UK House Prices BrExit Crash NOT Likely Despite London Property Market Weakness
Housing-Market / UK Housing Jul 03, 2016 - 04:42 PM GMTThe establishment REMAIN camp peddled the same story for the UK housing market all year, one of a collapse, crash or worse! As operation fear each month ramped up the threats of that which awaited a post Brexit Britain. The house prices crash fear mongering even emanated direct from George Osborne himself who warned: “If we leave the European Union there will be an immediate economic shock that will hit financial markets... That affects the value of people’s homes and the Treasury analysis shows that there would be a hit to the value of people’s homes by at least 10 per cent and up to 18 per cent."
And Apparently in a world where zero interest rates are moving to negative rates the UK would be the odd one out to actually increase interest rates as George Osborne added And at the same time first time buyers are hit because mortgage rates go up, and mortgages become more difficult to get.”
David Cameron and George Osborne then continued with their contradictory statements of a plunging sterling and rising inflation but falling house prices inflation.
"If we leave the EU the fall in the value of sterling would be an average 12%."
"Let's be clear what that means: a weaker currency means more expensive imports; that means more expensive food and it drives higher business costs; and we all know where that ends up: higher prices in the shops." - David Cameron
Firstly, as I have repeatedly pointed out that a fall in exchange rate is what virtually every central bank is trying to engineer by means of zero and negative interest rates!
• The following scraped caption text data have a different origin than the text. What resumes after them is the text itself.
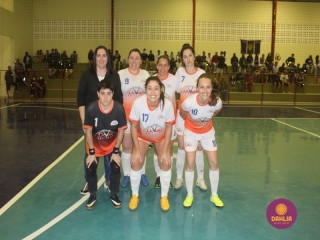 
<a style='margin-left: 5px;' class='btn btn-xs btn-social btn-facebook' href='https://www.facebook.com/sharer/sharer.php?u=https://www.boladovale.com.br/imgs/800-800-90/conteudo/fotos/1472/img8295.jpg' rel='popup' data-width='500' data-height='400'><i class='fa fa-facebook'></i>Compartilhar <span class='hidden-xs'>no Facebook</span>
</a> 
<a class='btn btn-default btn-xs' target='_blank' href='imgs/800-800-90/conteudo/fotos/1472/img8295.jpg'>
<span class='glyphicon glyphicon-cloud-download'></span> Salvar
</a> 
<span></span>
It's called the CURRENCY WARS, central banks trying to IMPORT inflation and EXPORT deflation as I covered in this video in response to earlier government propaganda -
In a world starved of yield with many bond holders in Japan and Germany actually PAYING interest to lend money to the government (bonds), rising UK interest rates would act as a huge financial hoover, sucking in foreign investment into UK bonds which ironically would result in a FALL in UK interest rates i.e. demand exceeding supply.
Though of course now post brexit interest rates have done the OPPOSITE to the fear mongering and so are house prices likely to RISE rather than crashing by 18%! For the fundamental fact that UK house prices in dollars are now 12% CHEAPER! A BrExit discount for potential foreign buyers who primarily will be wondering whether UK house prices will get cheaper in currency terms or should they act to seize the moment and pick up a bargain now. So in my opinion foreign demand will be STRONGER for UK property going forward and the only delay is in investors waiting and watching for sterling to stabilise which it seems to be doing so in the £/$ range of 1.30 to 1.38, and the longer sterling holds this range or trends higher then the greater will be foreign interest in buying UK property, especially if the doom merchants headlines for a house price falls fail to materialise.
Whilst post-brexit nothing much has really changed in the doom commentary as the mainstream press remains focused on stories for imminent falls in UK house prices as the following illustrates:
Property market on the ropes following Brexit vote
Mirror.co.uk-28 Jun 2016
Annual house price growth will rapidly slow down towards the low single digits across the UK's major towns and cities as the EU referendum ...
A Post-Brexit House Price Crash Is the Real Danger for the U.K.
TheStreet.com-30 Jun 2016
Unlike in the U.S. and in European countries like Spain or Ireland, the U.K. did not see a real house price crash following the financial crisis of ...
The Brexit effect on UK property will be more devastating than ...
Business Insider-10 Jun 2016
While Chancellor George Osborne already warned in May that a Brexit would make house prices crash by 10% to 18%, Mark Burrows and his ...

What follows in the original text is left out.